The Patriots gave Revis a $10 million signing bonus, $1.5 million guaranteed salary and up to $500,000 for per-game roster bonuses in 2014. The contract also has a $12 million option bonus on April 1, 2015, a $7.5 million salary, and $500,000 in bonuses if the option is picked up.


The $10 million signing bonus is split into two years, so Revis’s 2014 salary cap number will be a manageable $7 million, and an absurd $25 million if the 2015 option is exercised. Instead, the Patriots would either try to extend Revis during this season, decline the option but try to sign him as a free agent, or decline the option and let him leave.

If they decline the option and decide not to re-sign Revis, he would still cost $5 million against the cap in 2015. It is unlikely the Patriots would use the franchise tag on him next offseason, as his salary would be $14.4 million and cap number $19.9 million.

Meanwhile, Wilfork wasn’t the only defensive tackle asked to the Patriots save some salary cap dollars. Veteran Tommy Kelly agreed to a restructured contract that cut his base salary by $1 million but lets him make some of it back via incentives — $50,000 in per-game roster bonuses and up to $645,000 in play-time markers, according to NFL Players Association records. Overall, the move gave the Patriots a little more than $850,000 in salary cap space. They currently have about $19 million in cap space when factoring in Wilfork, Revis, Kelly, and other recent transactions.


Kelly got a $100,000 signing bonus for his troubles, but that is the only money he is guaranteed, and the Patriots could save $1.7 million against the cap if they cut him at the end of training camp. Kelly had 2½ sacks last season before suffering a season-ending knee injury in Week 5.

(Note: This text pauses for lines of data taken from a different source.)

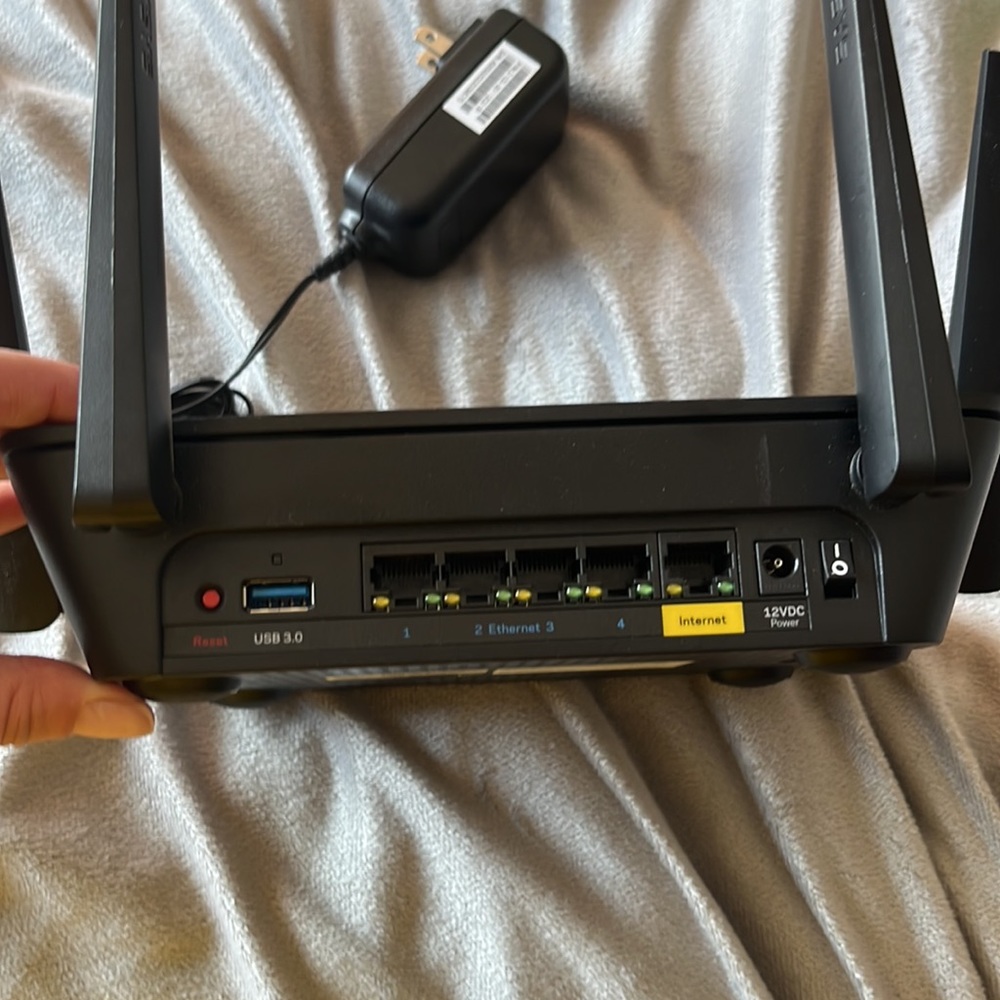 Wireless Router - Picture 3 of 3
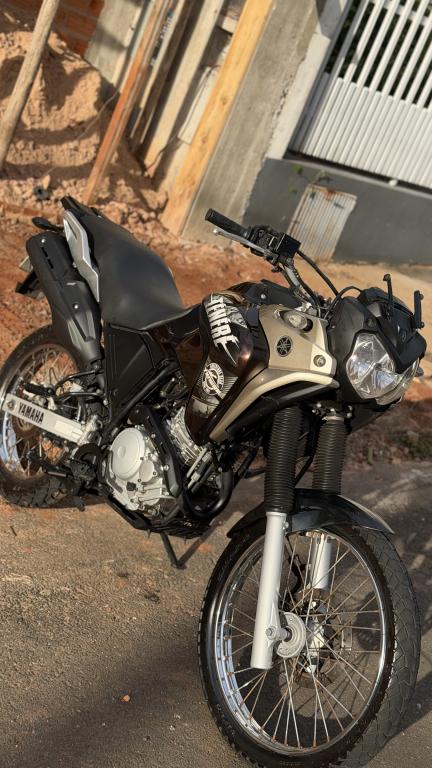 YAMAHA Teneré 250 - Foto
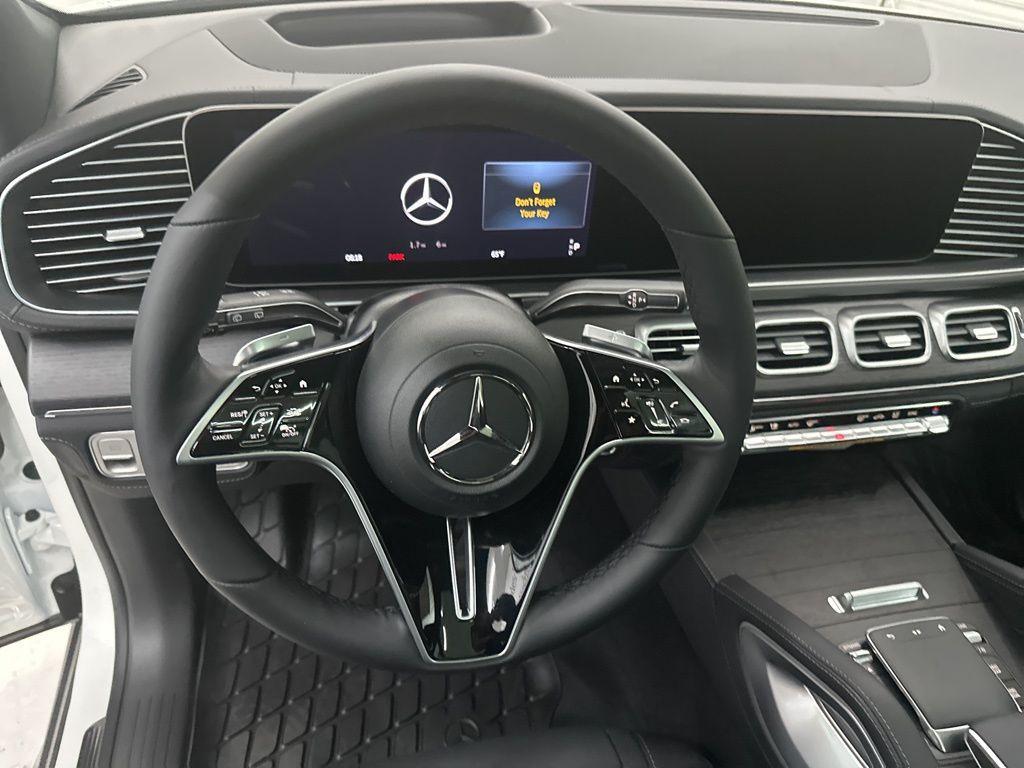new 2026 Mercedes-Benz GLE 580 car, priced at $106,125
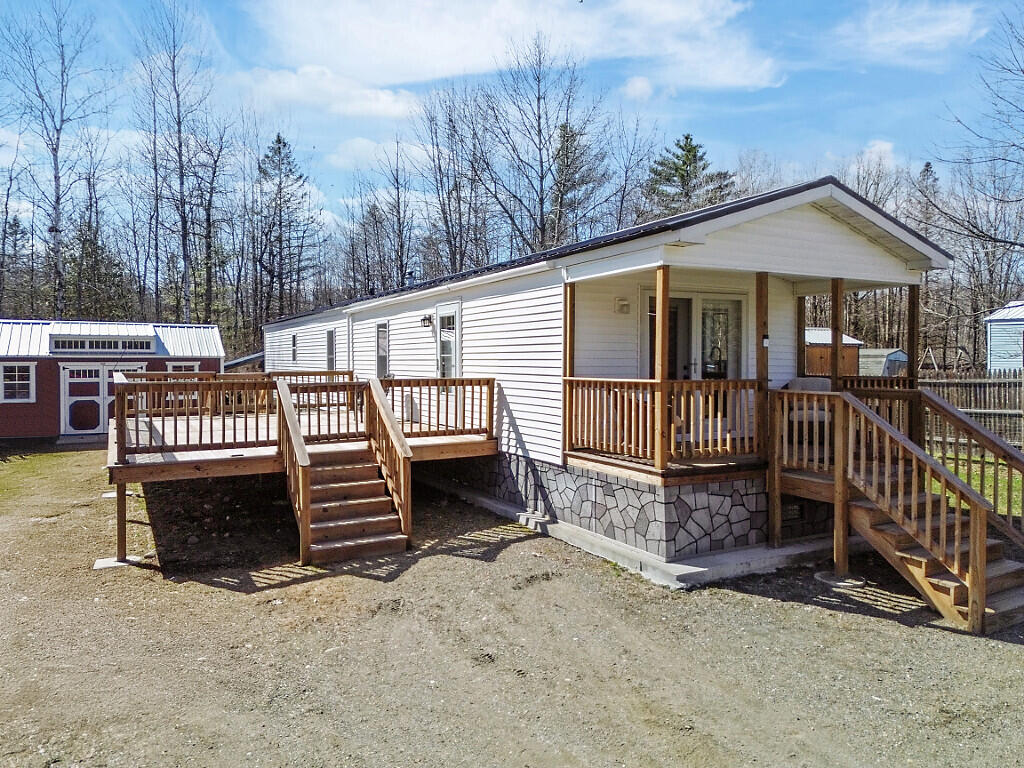 414 Bellsqueeze Road Benton ME 04901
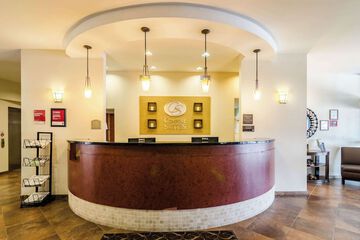 Hotel Interior 9 of 39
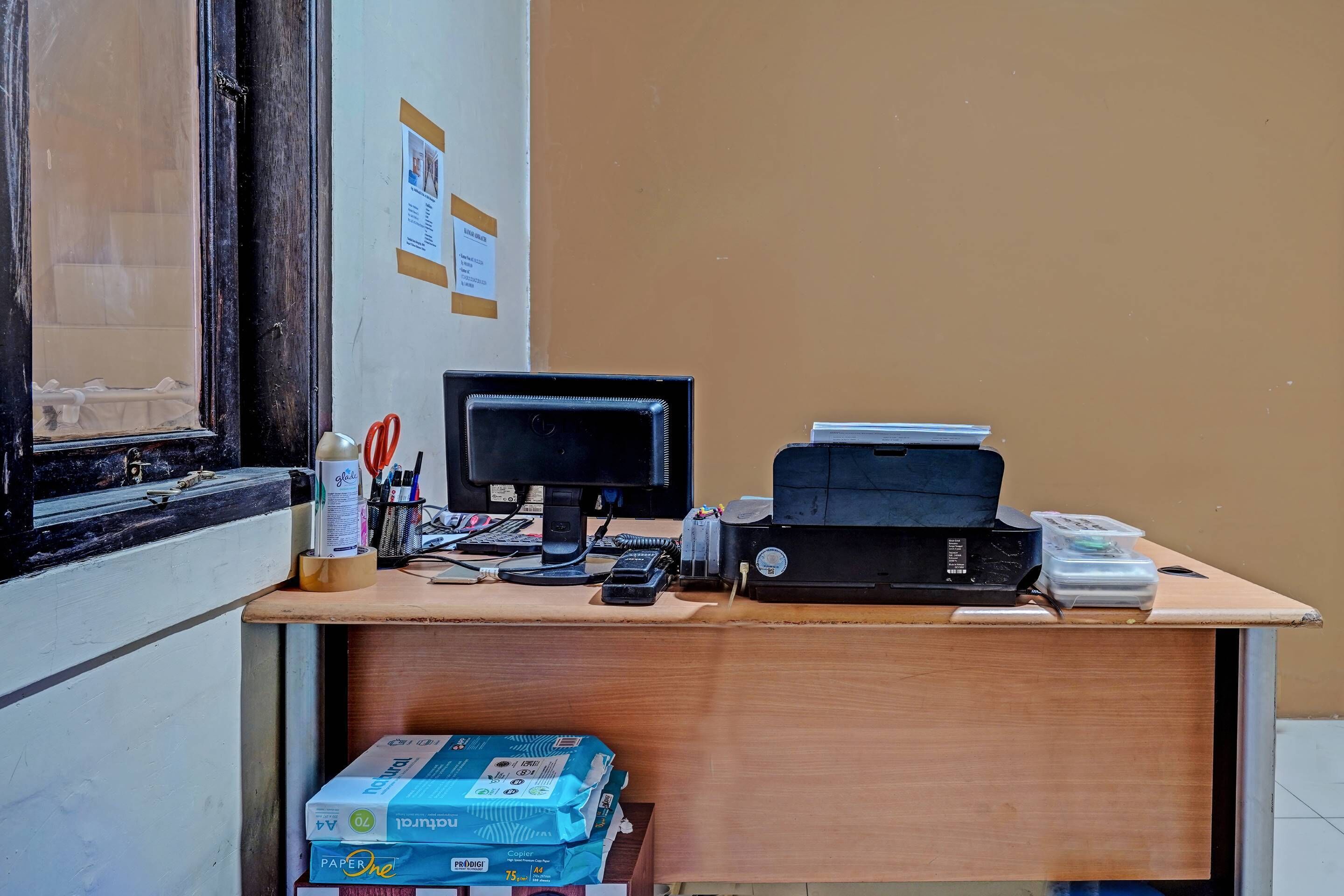 SPOT ON 91330 City Munigar Residence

The Patriots have some promising young defensive tackles in Chris Jones and Sealver Siliga, but are likely to bolster the position this offseason, particularly if Wilfork exits. Only a few decent nose tackles are left on the free agent market — Henry Melton, B.J. Raji, Alex Carrington, Pat Sims – so the draft may be the better way for the Patriots.

Meanwhile, the Patriots and receiver Julian Edelman continued to wait things out as the wide receiver market slowly developed. Edelman is expected to visit with his hometown 49ers Friday, a source told the Globe. The Panthers released Steve Smith on Thursday, and teams appear to be waiting to see where he and Hakeem Nicks land before moving on Edelman. Nicks visited the Colts on Thursday.

Edelman potentially lost one suitor on Thursday when the Browns signed slot receiver Andrew Hawkins to an offer sheet the Bengals are reportedly not going to match. The Ravens are also believed to be interested in Edelman, but the Ravens are also strongly interested in Smith, who included the Ravens and Patriots among the five teams he wanted to be traded to before the Panthers released him, according to the Charlotte Observer.


The Patriots continue to stay in contact with Edelman, but also are eying other receivers. It is unclear if they have interest in signing Smith or Nicks to short-term deals, and they reportedly hosted Jason Avant and Brandon LaFell on visits. Santonio Holmes, James Jones, and Emmanuel Sanders also remain available.